Sayın Barzani’nin Kürdistan Bölge Başkanı sıfatıyla Amed’e davet edilmiş olması, sorunun Kuzey Kürdistan’da da Güney ekseninde çözümü konusunda olumlu bir başlangıç olmasını temenni ediyoruz. İflas etmiş dış politikasını yeniden restore etmeye çalışırken olmadık reveranslarda bulunan Türk Dış Politikasının yeni handikaplara açık olduğu bilinmektedir. Biz, ziyaretten önce yapmış olduğumuz açıklamada, Sayın Barzani’nin bütün olasılıklar çerçevesinde duyarlı bir yaklaşım içinde olacağını özellikle belirtmiştik. Nitekim öyle de davrandı. Bu arada, BDP’nin ilk başlarda takınmış olduğu olumsuz tutumun, özellikle sayın Osman Baydemir ve Leyla Zana’nın duyarlı müdahaleleri neticesinde olması gereken zeminde seyretmesi, Kürt ulusal birliği açısından yararlı olduğunu özellikle belirtmek isterim. Ayrıca, Diyarbakır sokaklarında biz ve diğer Kürt siyasal kesimlerinin Kürdistan bayraklarıyla yapmış oldukları karşılamanın tarihe geçecek bir siyasal tutum olduğunu belirtmek isterim. Ama, keşke Kürt siyasi çevreleri kendi aralarında iç koordinasyon oluşturarak bu tür etkinlikleri daha organize bir şekilde gerçekleştirebilselerdi.Bu konuda hepimizin ciddi eksiklikleri olduğu açıktır.Ulusal birlik bu tür dönemlerde daha bir öne çıkmalıdır.

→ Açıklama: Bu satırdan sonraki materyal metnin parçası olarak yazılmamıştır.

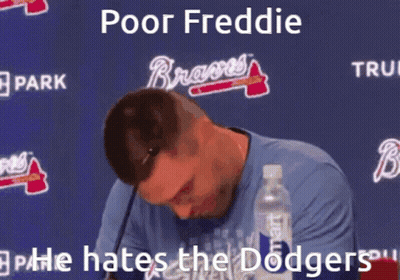 A Man Sitting In Front Of A Sign That Says " Poor Freddie " On It GIF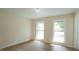 Bright bedroom with updated flooring and two large windows at 909 Windcrest Rd, Durham, NC 27713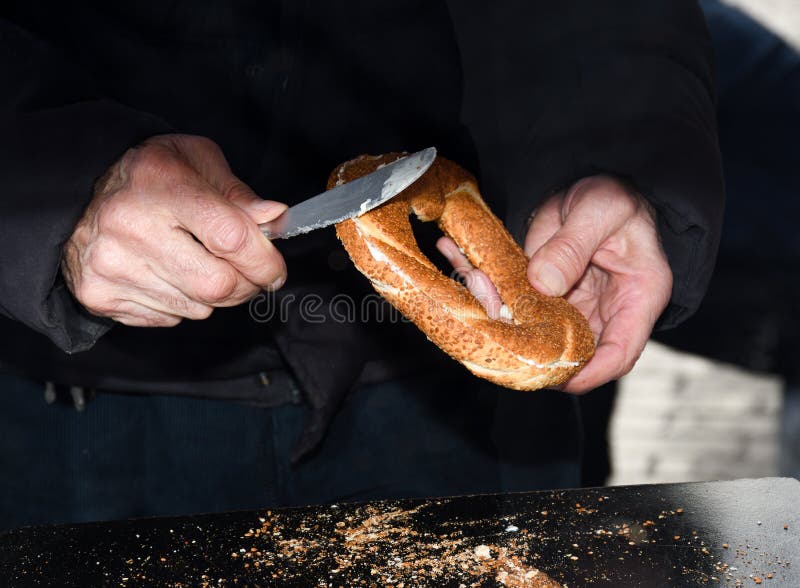 Simit Is A Turkish Loop Shaped Bread Encrusted With Sesame Seeds Simit Is A Turkish Loop Shaped Bread Encrusted With Sesame Seeds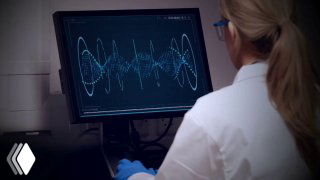 Лаборант в белом халате за компьютером анализирует данные и графики — иллюстрация научного подхода к разработке косметических формул.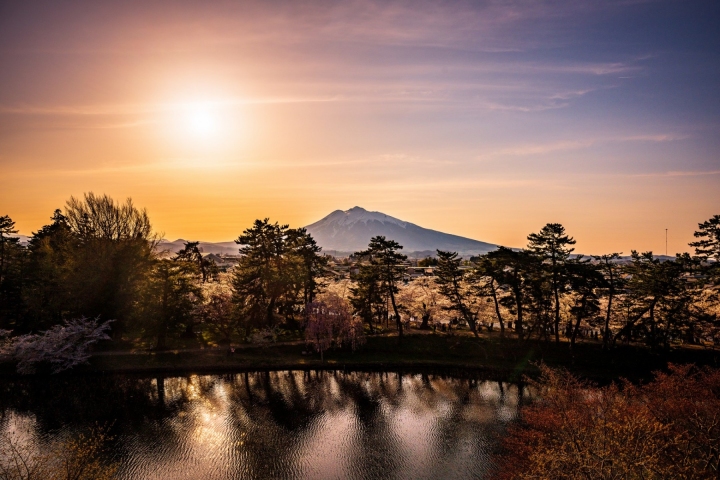 夕陽懸在城樓與遠山上方，護城河泛著金光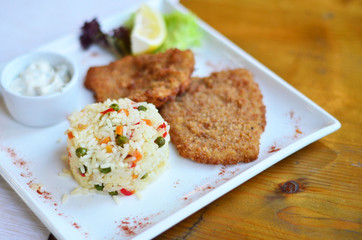 rice with vegetables with a piece of fish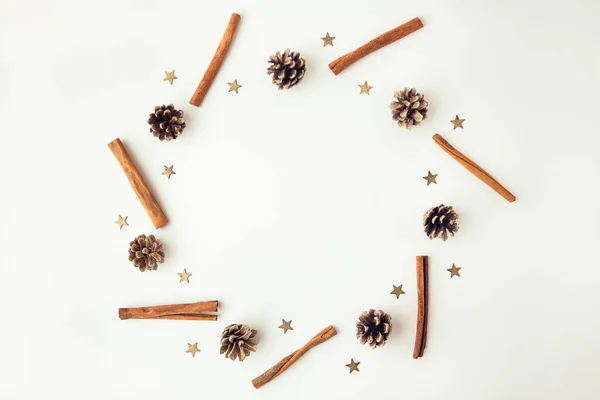 Pine corns, gold stars and cinnamon sticks on white background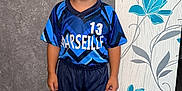 Yanis participe au concours pour gagner de l'argent avec cette photo : child, boy, smiling, sportswear, jersey, shorts, sneakers, blue, standing, indoor, wallpaper, floral_pattern, flooring, happy, portrait, casual, person, background, home, young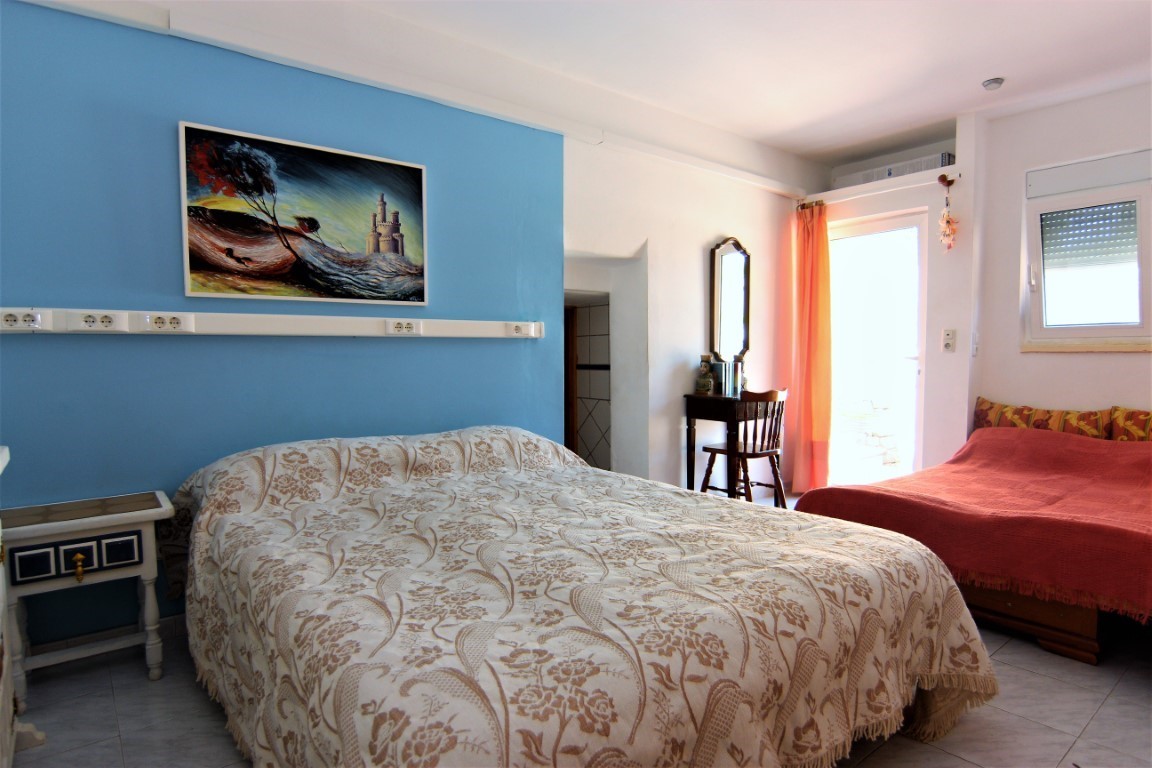 Bright bedroom featuring a blue accent wall, a double bed with floral textiles, and an additional single bed. Includes a wooden vanity, tiled flooring, and direct terrace access.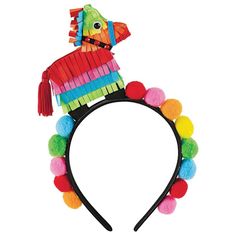 a colorful headband with pom - poms and a dog on the top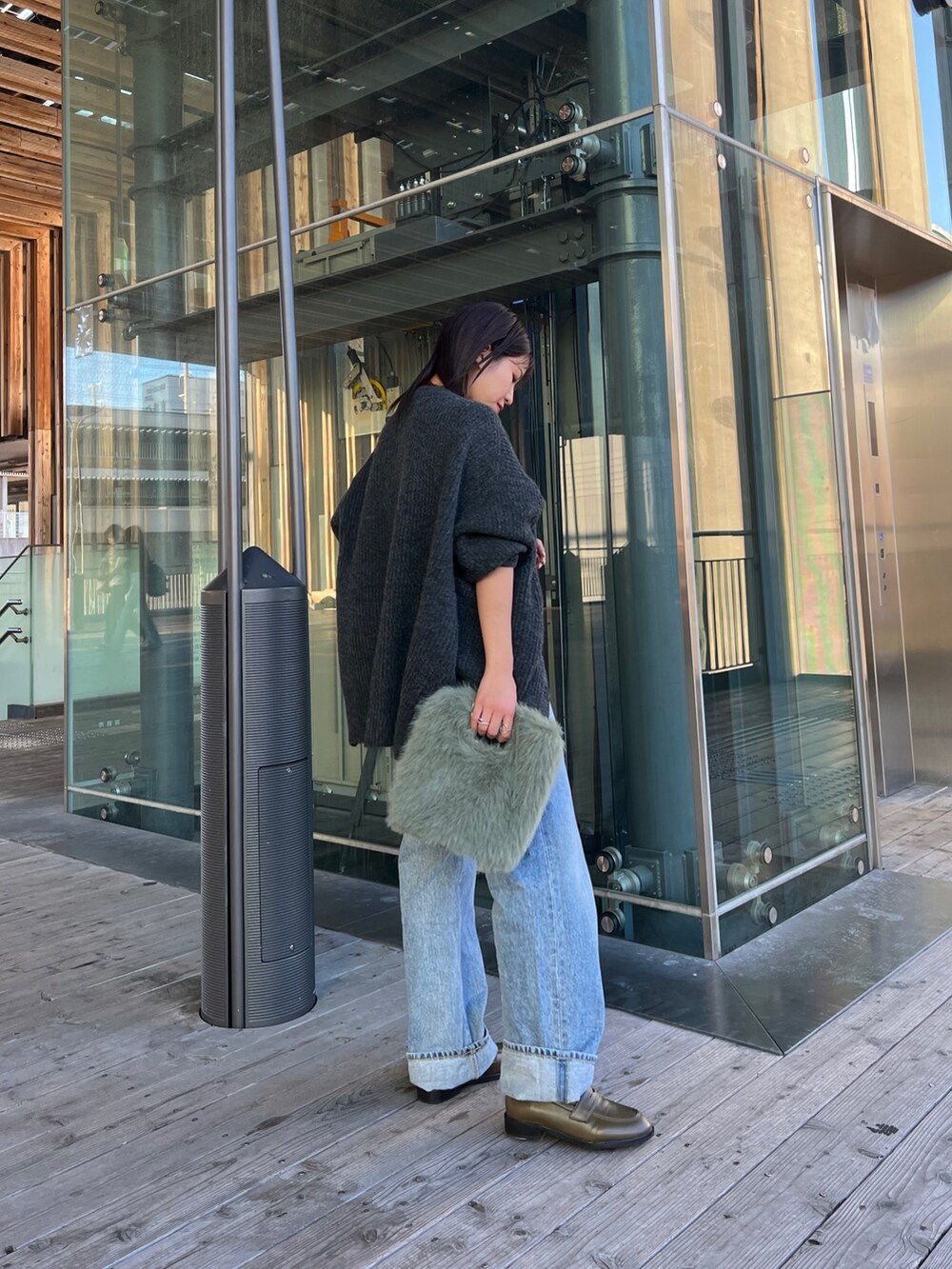 グレー系のカーディガン/ボレロ、ブラック系のキャミソール、ブルー系のデニムパンツを着用したレディースの秋コーディネートの5枚目の写真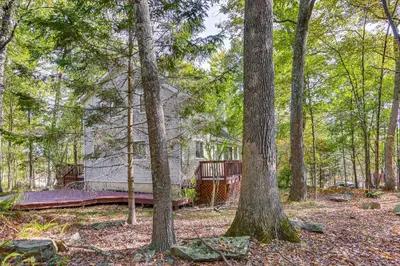 a house in the woods with trees at 6 Mi to Bushkill Falls Secluded Home with Game Room in East Stroudsburg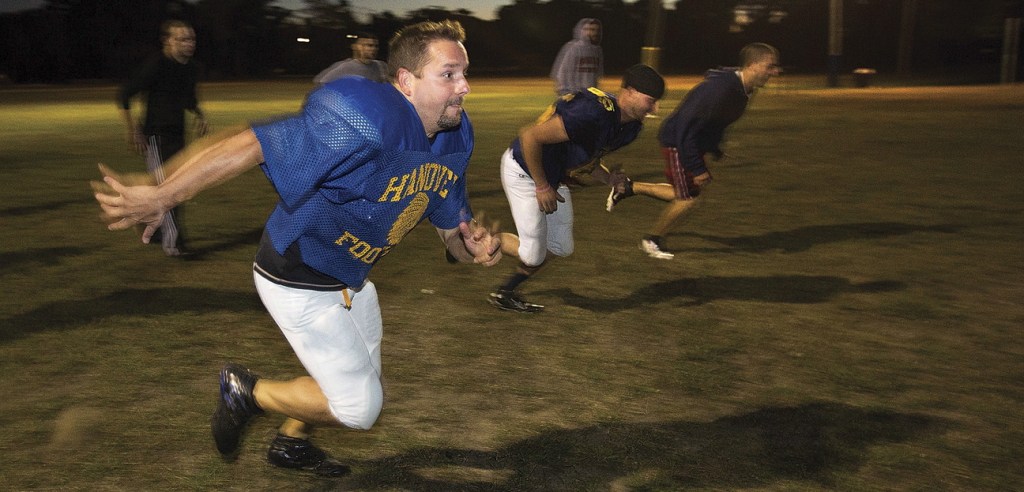 Mike Wolongevicz runs a drill with the Coastal Chiefs football team in Hanover, Mass. He’s 42 years old, just 5 feet seven inches tall and overcame what seemed like unsurvivable injuries a decade go. He’s also a force on the football field.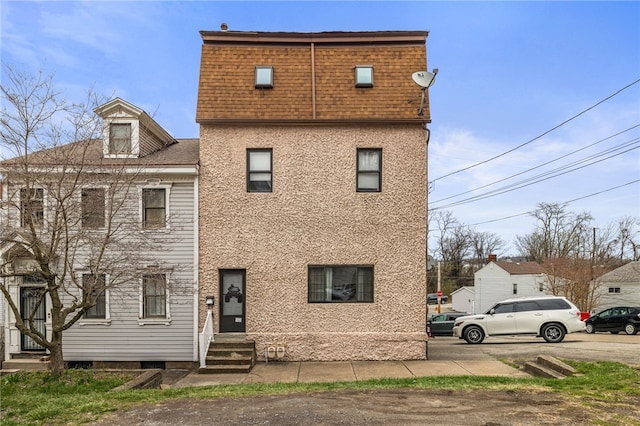 view of front of house with stucco siding, a shingled roof, and entry steps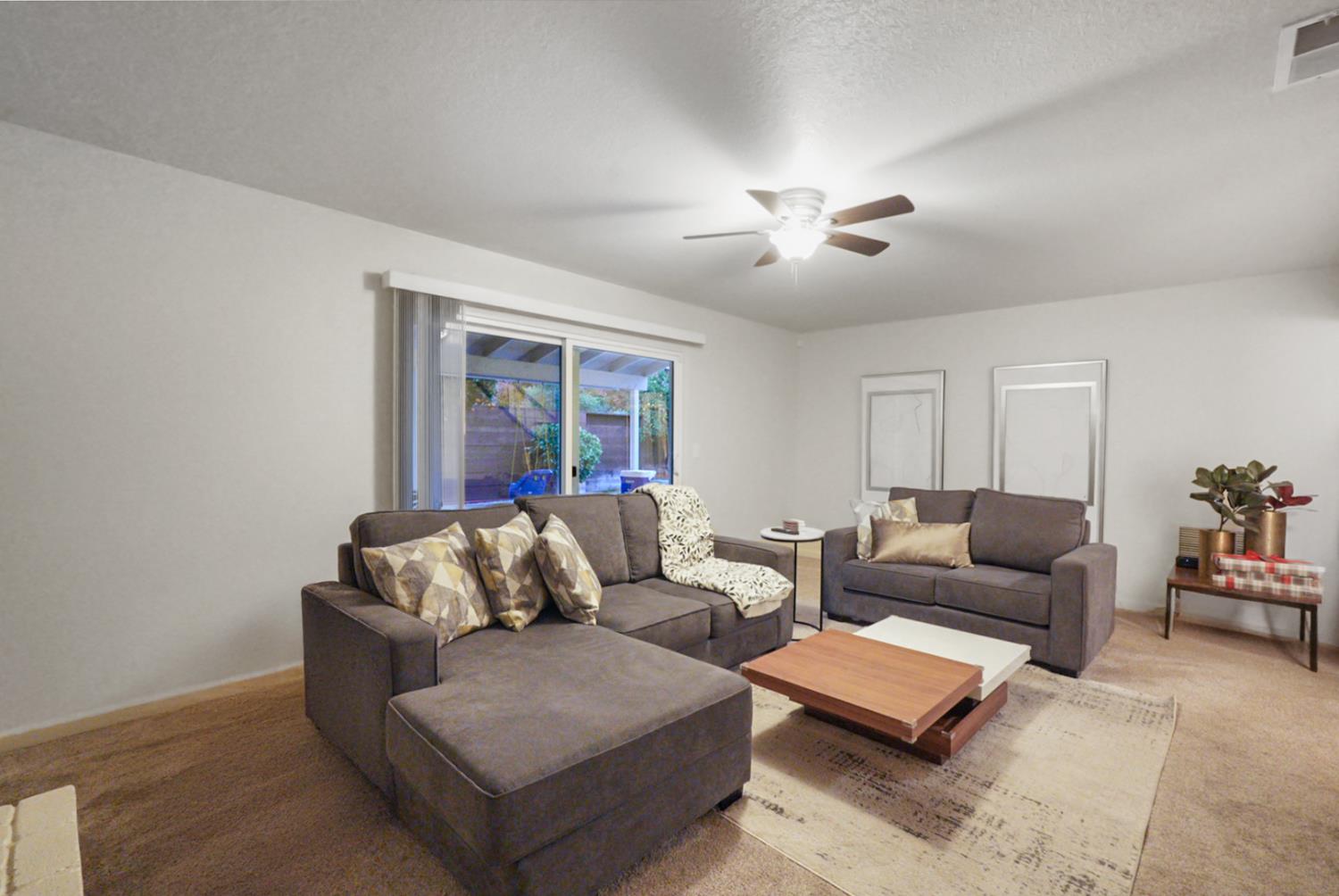 1820 North Berkeley Avenue Turlock, CA 95382 - Photo 14 of 29 a living room with furniture and a couch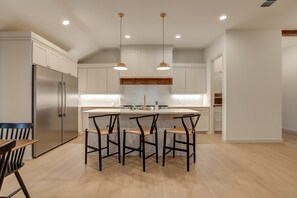 A modern kitchen with white cabinetry, a stainless steel refrigerator, a central island with bar stools, pendant lighting, and a wooden backsplash. - The Foundry - 5BR/3.5BA - Family Retreat (Lubbock)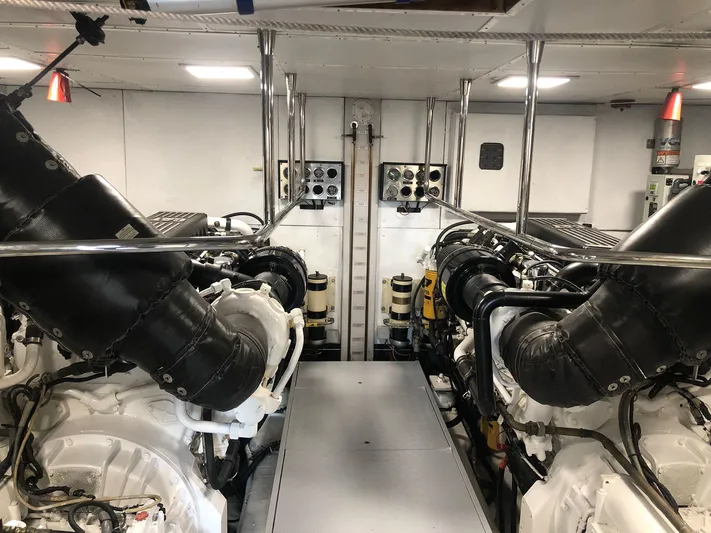 Ocean Delta 11 Yacht Photos Pics Engine room of a 2008 Canados 86 yacht, featuring dual engines and control panels.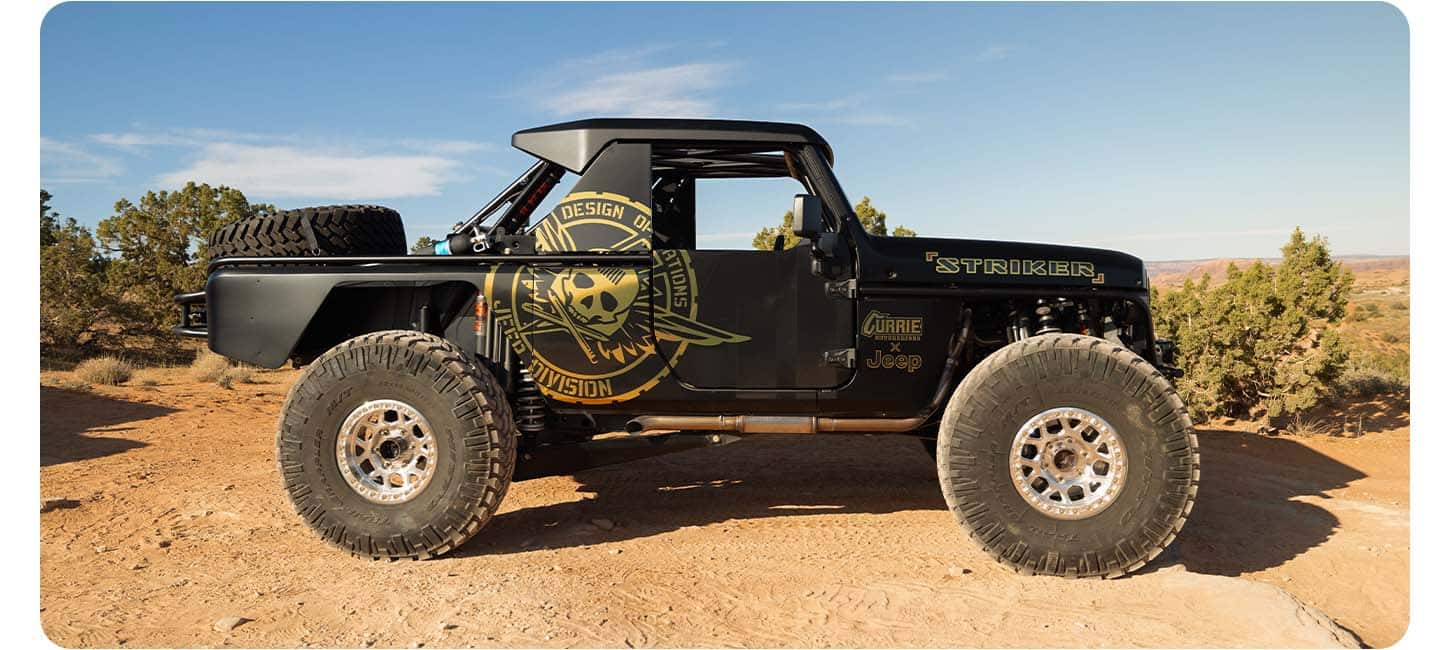 The black Jeep Wrangler Striker Concept Vehicle in profile, with oversize tires and several unique decals and badging.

Kürt halkının değerli sanatçısı Şivan Perwer’in 37 yıl aradan sonra ülkeye dönmüş olmasını da sevindirici görüyoruz.Bunun sürgündeki tüm insanlarımızın herhangi bir yasal engele maruz kalmadan,özgür bir şekilde dönüşleri için bir örnek olmasını dileriz.
Not: Bu roportajin Kürtce özeti “Rûdaw” gazetesinin 126. Sayisinda yayinlandi.